Of course, teams could also argue that social programs actually hurt the poor.

Or one could argue that economic growth increases inequality, as most of the economic gains are captured by individuals at the top.

Both ways. Did you ever hear the expression, “You can’t have your cake and eat it, too?” Well, in this case you can. Since economic growth increases tax revenues, prioritizing such growth enables individuals to have their cake and eat it, too.

And without growth, there is no way to effectively reduce the debt to GDP ratio.

All of these “decisive” arguments can be extending as “voting issues” or can be used to weigh arguments in Summary and Final Focus. Of course, if you want to use them in the later speeches, you should set them up in the constructive speeches.

And since the resolution is comparative, arguably your speech should only have comparative arguments. General arguments about the Pros and Cons of each doesn’t establish any comparison.

Moving Forward With Debate 1

The second most common type of debate you will have is over the question of the benefits of reducing the debt outweigh the benefits of economic growth (yes, what the resolution says J). Unlike Debate 3, however, the Pro will offer non-growth reasons for reducing the debt and argue economic growth is bad

What are some non-growth reasons for reducing the debt?

Military spending. High debt levels could eventually (Trump and Congress just increased military spending by $100 billion) make it impossible to sustain current military spending levels, threatening global leadership.   High oversees borrowing (the US borrows from China and Saudi Arabia, for example) could increase the strength of their currencies relative to the Dollar, further threatening US leadership.

High debt levels also give China leverage over the US, which it could exploit in a crisis. Such leverage threatens US national security.

Dangerous levels of debt leverage also increase transition war risks.

Heath care. High debt levels undermine government spending on health care and threaten private investment in health care.
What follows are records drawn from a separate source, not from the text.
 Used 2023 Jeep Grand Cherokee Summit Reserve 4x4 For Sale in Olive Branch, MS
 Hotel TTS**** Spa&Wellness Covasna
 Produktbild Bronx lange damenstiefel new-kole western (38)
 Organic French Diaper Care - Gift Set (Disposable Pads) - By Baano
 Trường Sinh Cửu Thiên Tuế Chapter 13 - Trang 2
The reason that high debt levels threatens these programs as that as the debt increases the interest paid on the debt increases. As the interest payments increase, less money is available to spend on other programs.
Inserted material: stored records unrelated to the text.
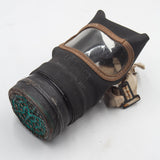 1939 Dated WW2 Civil Defence Gas Mask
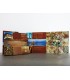 BU GRECE 2014 - Coffret BU année 2014 comprenant une série de 8 pièces de 1 cent à 2 Euro Grèce. BU GRECE 2014 -  Le Comptoir de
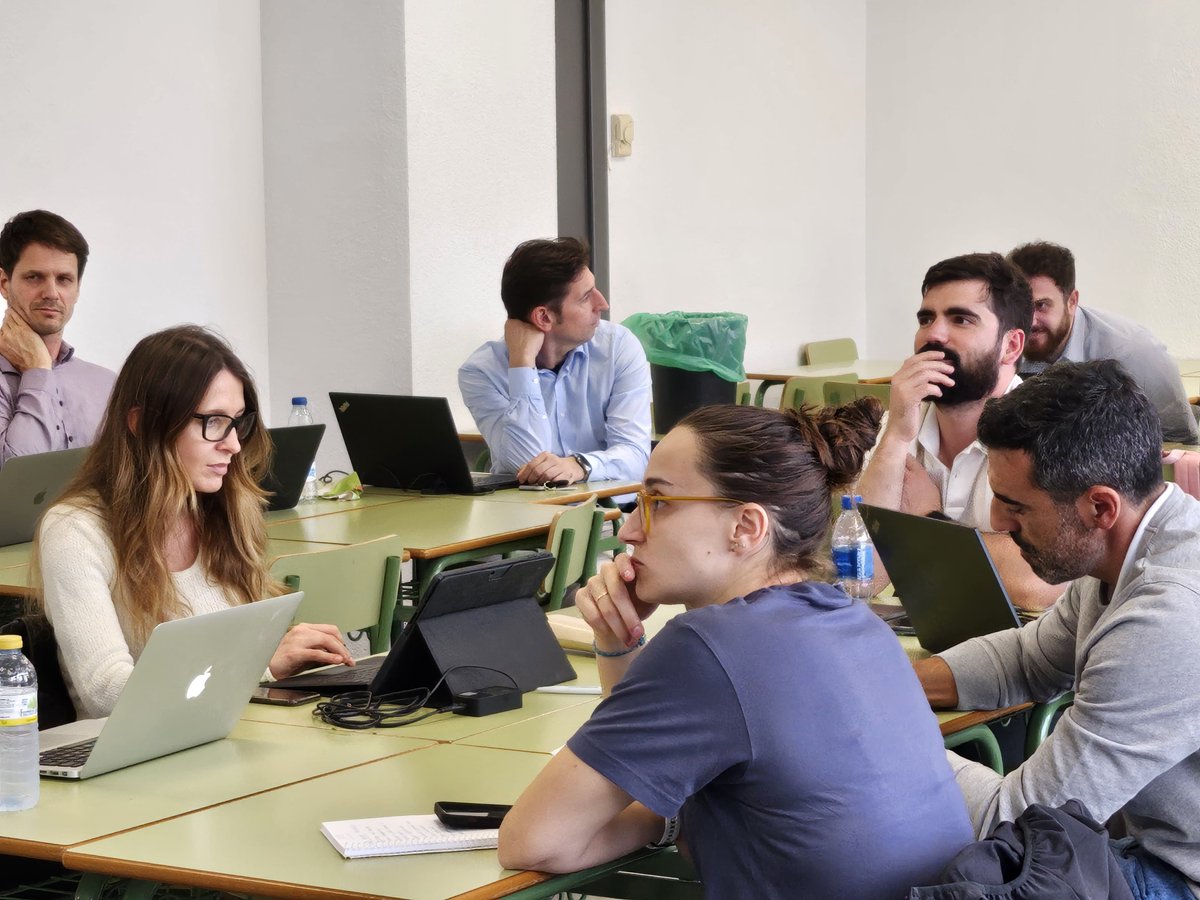 ShapingSport's tweet photo. STARS presents one of his partners in SPAIN :

 ✨@La_UPM ✨

#STARSPoject #ShapingSports #PartnerPresentation
Click on the first picture to get the text 👇 https://t.co/OsMxc5RnuY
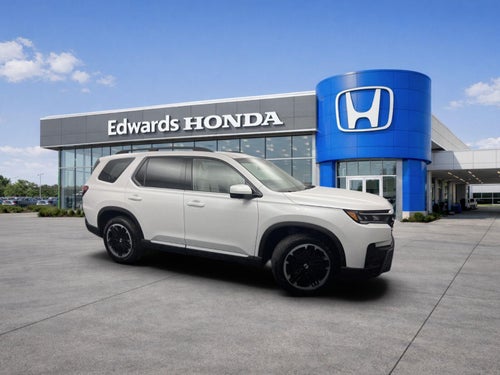 2026 Honda Pilot Touring S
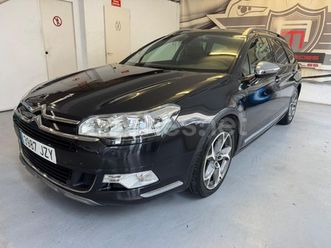 citroen c5 2.0 hdi exclusive tourer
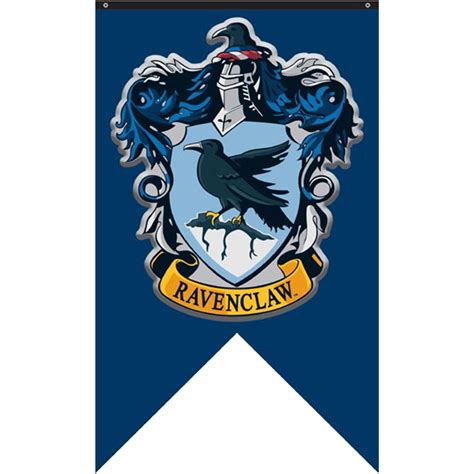 Ravenclaw House Banners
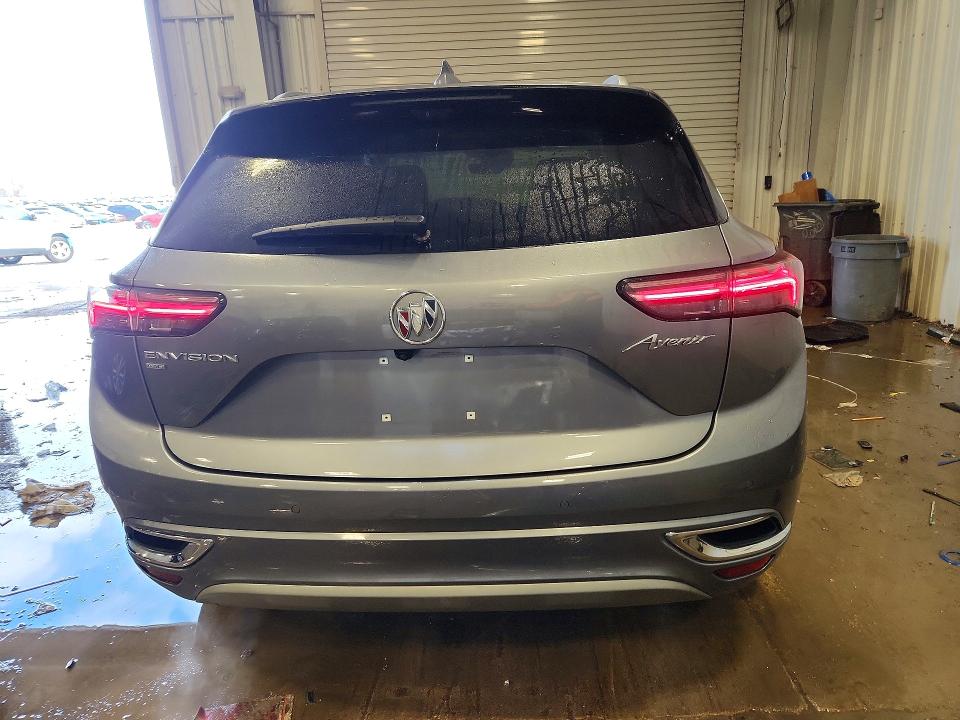 Aukcja sprzedaży 2021 Buick Envision, vin: LRBFZSR49MD137310, numer aukcji: 75446065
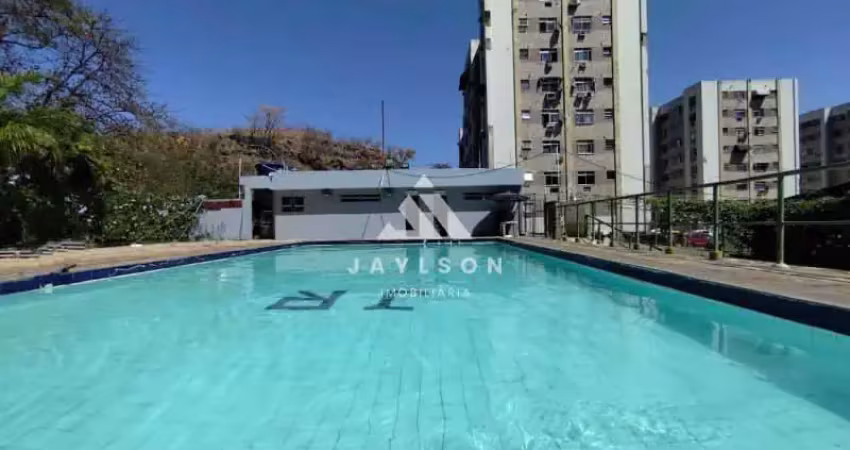 Apartamento com 2 quartos à venda na Avenida Pastor Martin Luther King Jr, Tomás Coelho, Rio de Janeiro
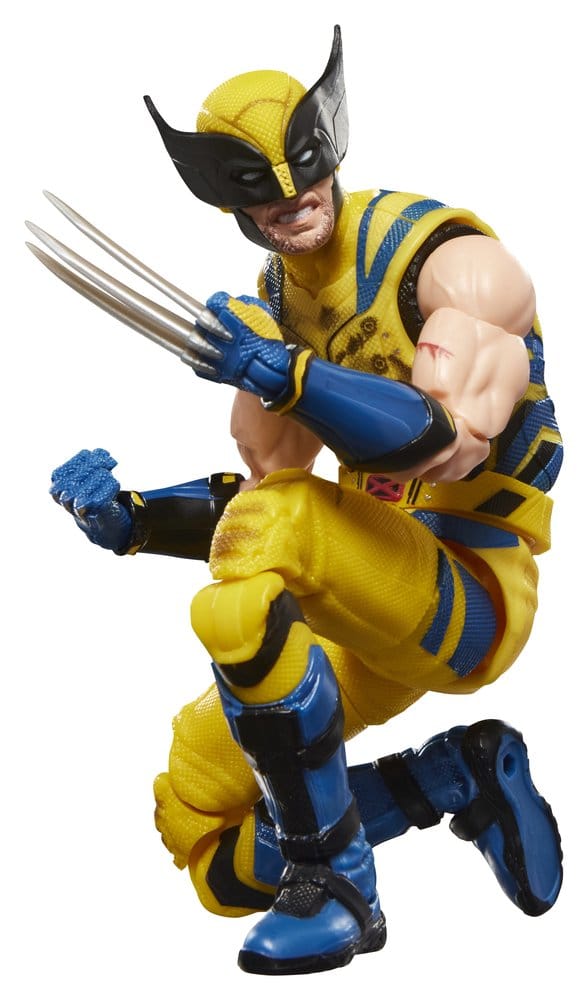 Deadpool & Wolverine Marvel Legends Actionfigur Wolverine 15 cm Image 6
What are some reasons economic growth is bad?

These will be tackled in more detail in a future essay, but here are some reasons economic growth is bad

  • Spreads disease.
  • Enables militarization and war
  • Increases resource consumption, hurting the environment
  • Increases energy use, causing climate change

Defensively, there is good evidence that rising debt levels do not threaten national security and that China would not weaponize because it would hurt its own economy.

There is also evidence that health insurance does not improve health outcomes.   Second source

And if the federal government cuts education spending, the states can fill in. .

In terms of impact turns, there is good evidence that high debt levels actually reduce war risks by making conflict unaffordable.

Kyu Young Lee 17. The University of Iowa. 2017. Political Clout of Government Bondholders: How Government Bondholders Expect and Affect States’ Conflictual Behaviors. The University of Iowa.

Matthew DiGiuseppe 15. University of Mississippi. 07/2015. “The Fiscal Autonomy of Deciders: Creditworthiness and Conflict Initiation.” Foreign Policy Analysis, vol. 11, no. 3, pp. 317–338.

Patrick E. Shea 16. University of Houston. 05/26/2016. “Borrowing Trouble: Sovereign Credit, Military Regimes, and Conflict.” International Interactions, vol. 42, no. 3, pp. 401–428.

Paul Krugman argues that debt is likely to stop risky financial behavior that could cause an economic crash.

Benefits of economic growth include disease prevention, reducing war risks, and slowing climate change.

Moving Forward With Debate 3

The only difference between Debate 3 and the other two debates is that Debate 3 argues that the two goals should be treated equally. Since we have thoroughly reviewed the arguments on both sides, I think you can figure out that debate.